A strong victory for the Democrat in the North Carolina gubernatorial race again has the potential to increase the number of voters open to voting for other moderate Democrats, including Harris at the top of the ticket.
The prospect of a strong showing for Democrats in congressional races also creates the potential for Harris to realistically say how she can achieve real change and move beyond the currently polarized, do-nothing politics in Washington.
In last week’s debate, Harris was challenged when she promised to sign a law to protect abortion rights.
Former President Trump, her GOP rival, said an abortion rights bill has no chance to get to Harris’s desk because there are not enough votes in Congress to pass it. He also said there is no need to ask him if he will sign a right-wing bill ending all abortion rights because he does not see enough votes to pass that bill.
Similarly, Trump criticized Democrats now in the White House, the Biden-Harris administration, for trying to offer student loan relief based on executive action because that bill could not get through the current, polarized Congress.
Trump tried to hammer the Biden-Harris administration for not going around Congress to close the border to people coming across illegally.

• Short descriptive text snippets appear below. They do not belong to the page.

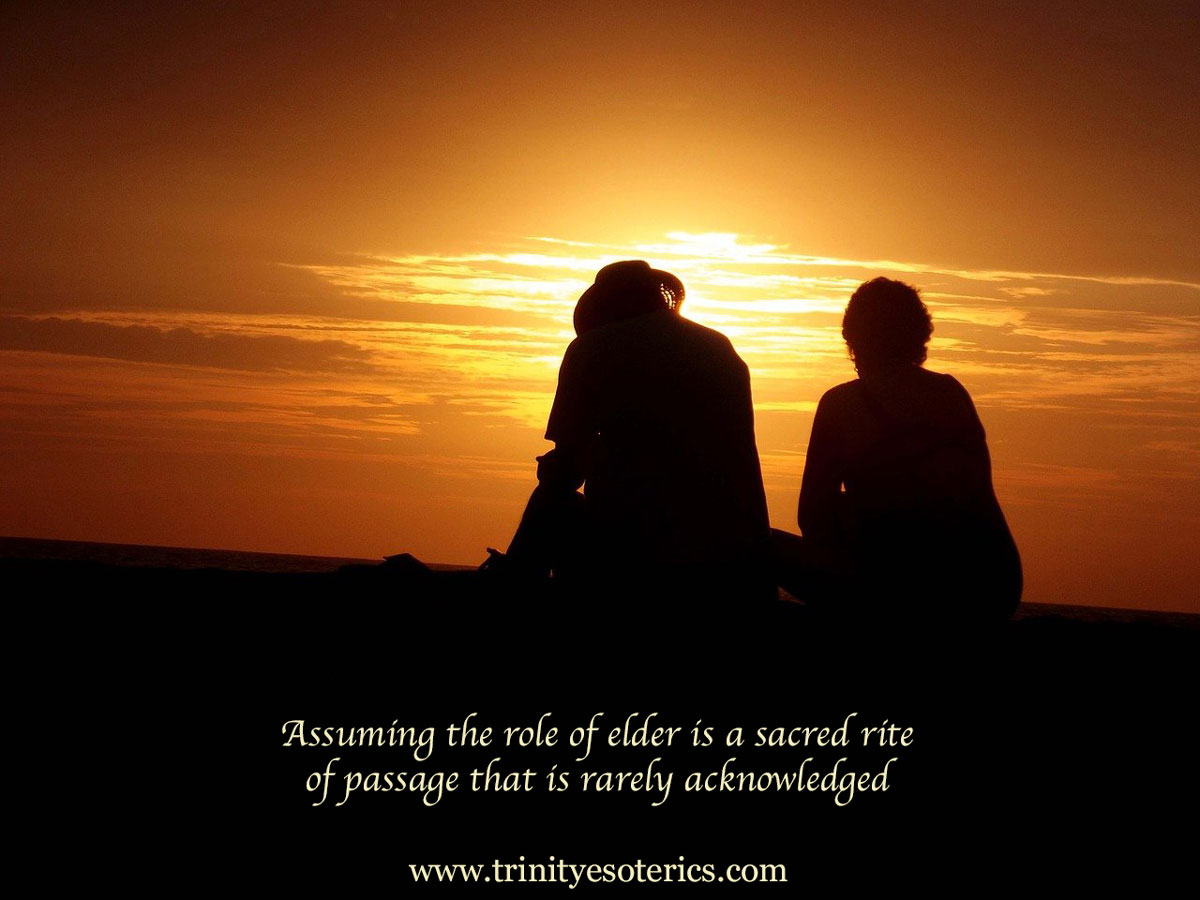 older couple sitting at sunset trinity esoterics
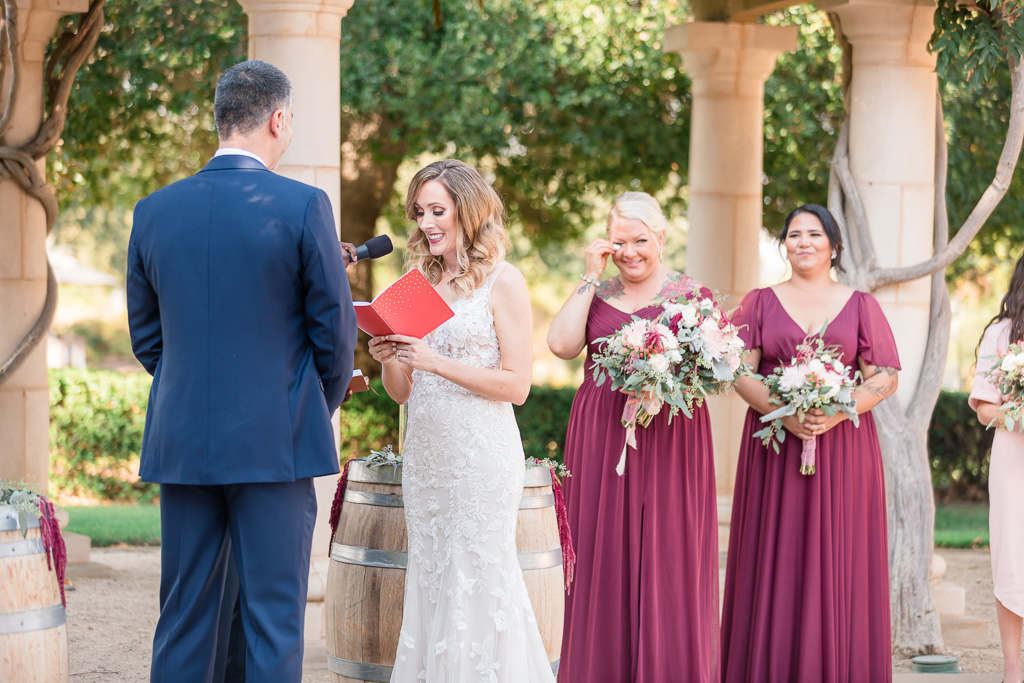 bride reading her vows from her vow book with bridesmaid wiping tears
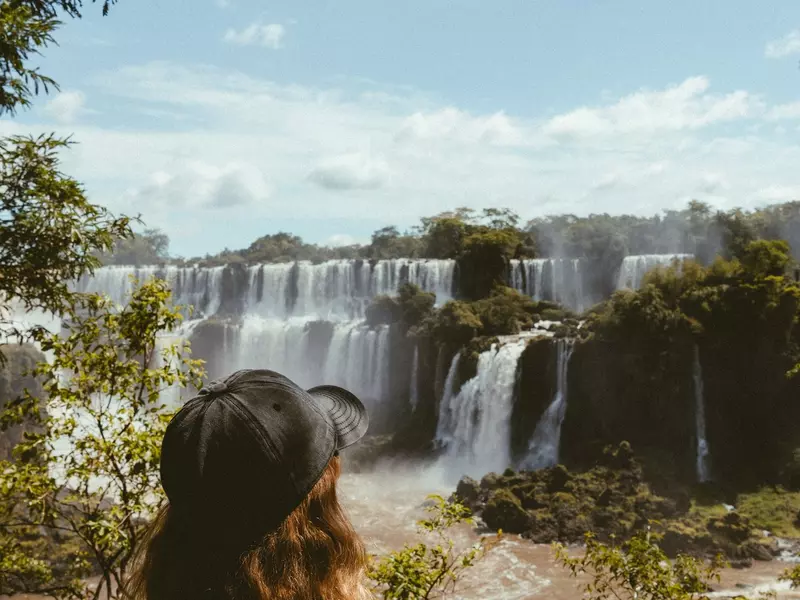 Waterfalls cover a large area, with multiple cascades at several levels.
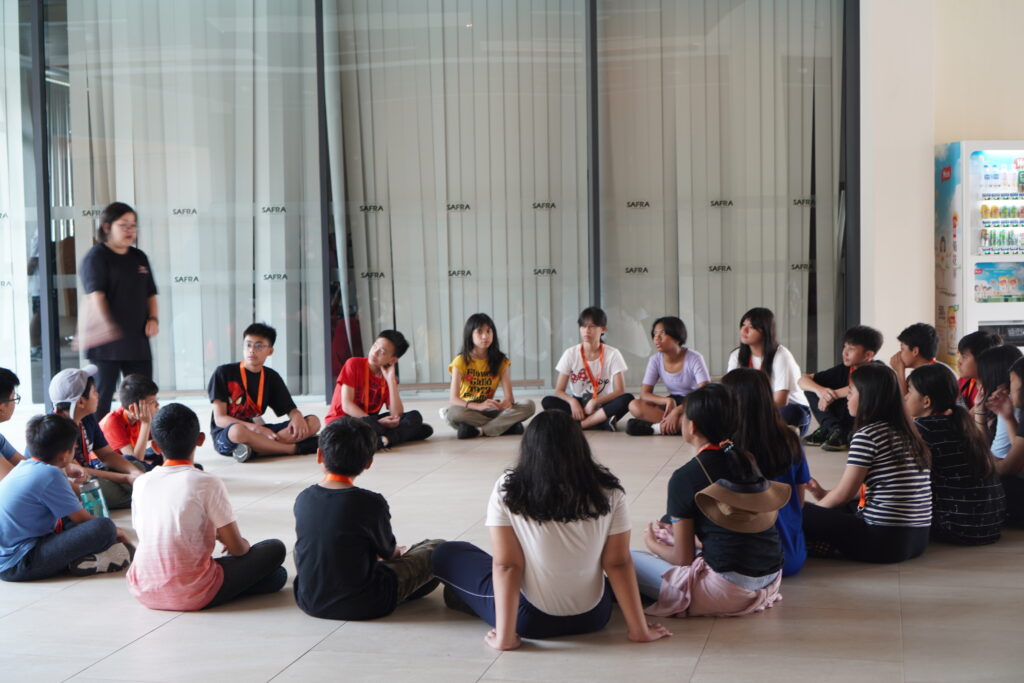 Students seated on the floor in a circle, engaged in a group activity.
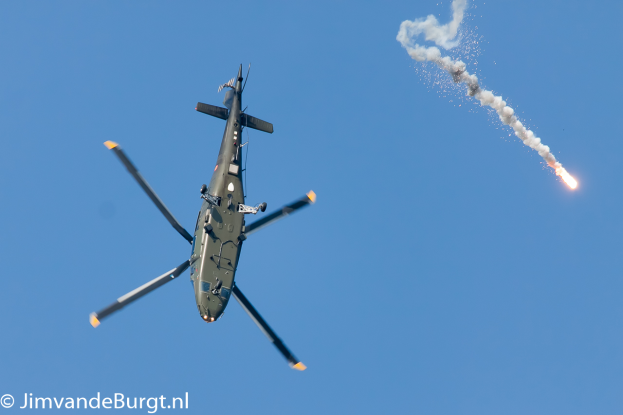 Ein militärischer Hubschrauber im Flug, der eine Rakete hält, die Rauch und Feuer ausstößt, mit Text in der unteren linken Ecke.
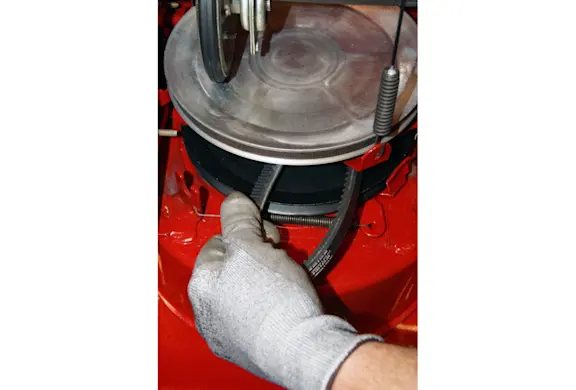 PHOTO: Remove the belt from the auger pulley.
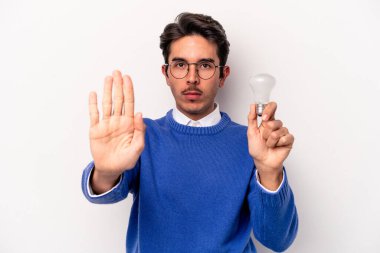 Beyaz arka planda izole edilmiş bir ampul tutan genç beyaz bir adam elini uzatmış, dur işareti göstererek seni engelliyor..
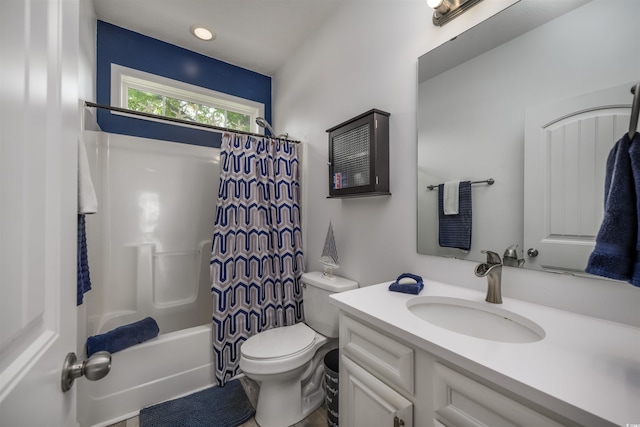 full bathroom featuring vanity, shower / bath combination with curtain, and toilet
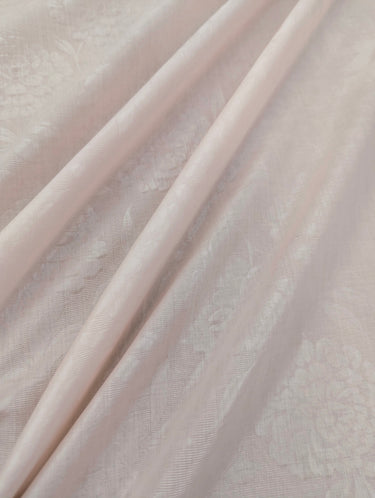 Close-up of textured light pink fabric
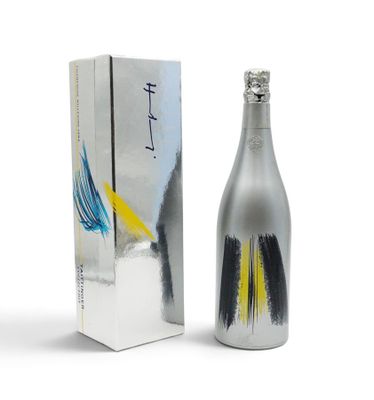 a bottle of wine that is next to a box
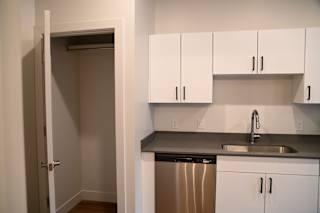 A kitchen with white cabinets and a stainless steel dishwasher.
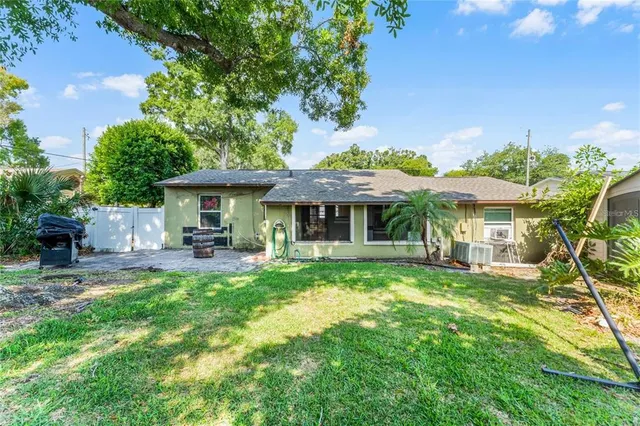 a front view of a house with table and chairs under an umbrella
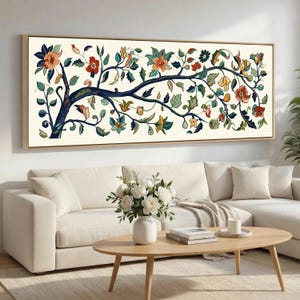 May include: A rectangular framed canvas art piece featuring a stylized tree with colorful flowers and leaves. The artwork has a cream-colored background and a wooden frame. The tree's branches are dark blue, and the flowers are orange, red, and yellow.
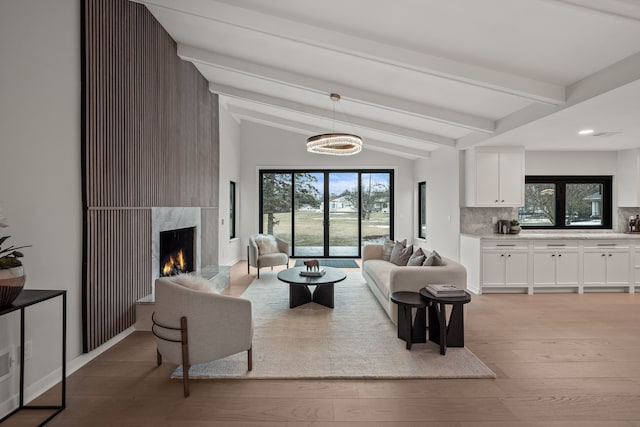 21725 Normandale St, Beverly Hills, MI 48025 - living area featuring light wood-style flooring, a premium fireplace, and recessed lighting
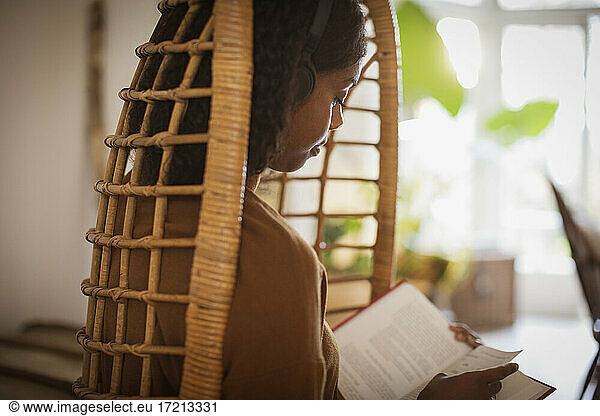Serene junge Frau mit Kopfhörer lesen Buch in Rattan Stuhl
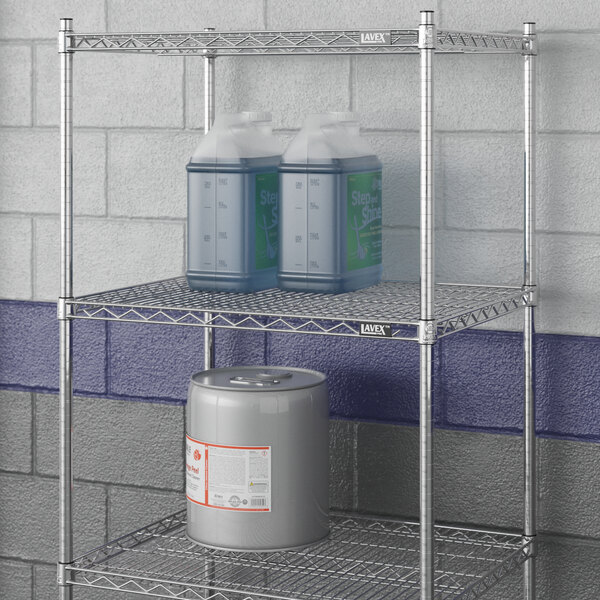 A Lavex Pro metal wire shelf with containers and a canister on it.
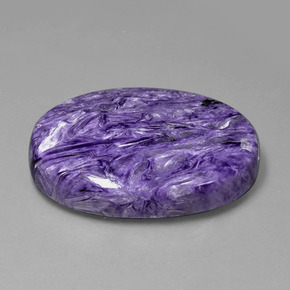 Charoíta violeta natural de 107,30 ct, corte óvalo, opaco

Harris responded that Congress had a bipartisan border security bill ready to pass to deal with illegal immigration, but it died when Trump ordered GOP senators to kill it.
Demonizing immigrants and attacking Democrats in Congress and the White House as responsible for illegal immigration remains Trump’s primary avenue for political claims that Democrats fail to solve problems.
There is frustration with Congress among voters favoring Democrats, too. They want Congress to pass bills to protect voting rights, reform laws that allow police brutality and establish ethics rules for the Supreme Court. All those legislative efforts have been blocked, even though Democrats hold a thin majority in the Senate.
Meanwhile, Republicans under the Trump administration changed Senate rules on Supreme Court nominations to allow for the confirmation of three justices, who voted to end constitutional protection of federal abortion rights by upending nearly 50 years of established law under Roe v. Wade.
After last week’s presidential debate, polls showed Harris had dominated Trump.
She won a victory in the eyes of about two-thirds of voters contacted in flash polls done by Newsweek and CNN.
But two undecided voters from Pennsylvania, a couple in their 70s, told The New York Times that while they were impressed with Harris’s tax and economic plans, they wanted to know whether “she can get them through Congress.”
That fit with the nearly one-third of voters who told a New York Times-Siena poll they want to know more about Harris and the “biggest question on their minds, the poll found, was what her plans and policies would be.”
Any plan proposed by Harris to move the country forward will first have to deal with the paralyzing division on Capitol Hill and beyond the bitter partisan divide that now defines presidential politics.
The prospect of Democrats pulling off a surprise by holding their majority in the Senate while gaining a majority in the House opens the door to a surprise in the presidential vote.
And there is the chance for even more important surprises for the nation’s progress.
An “October Surprise” of Democratic strength in congressional races will also create fertile political ground on Capitol Hill for Harris to see honest, bipartisan debate of her plans and the potential for them to pass both houses and become law.
Juan Williams is an author and a political analyst for Fox News Channel.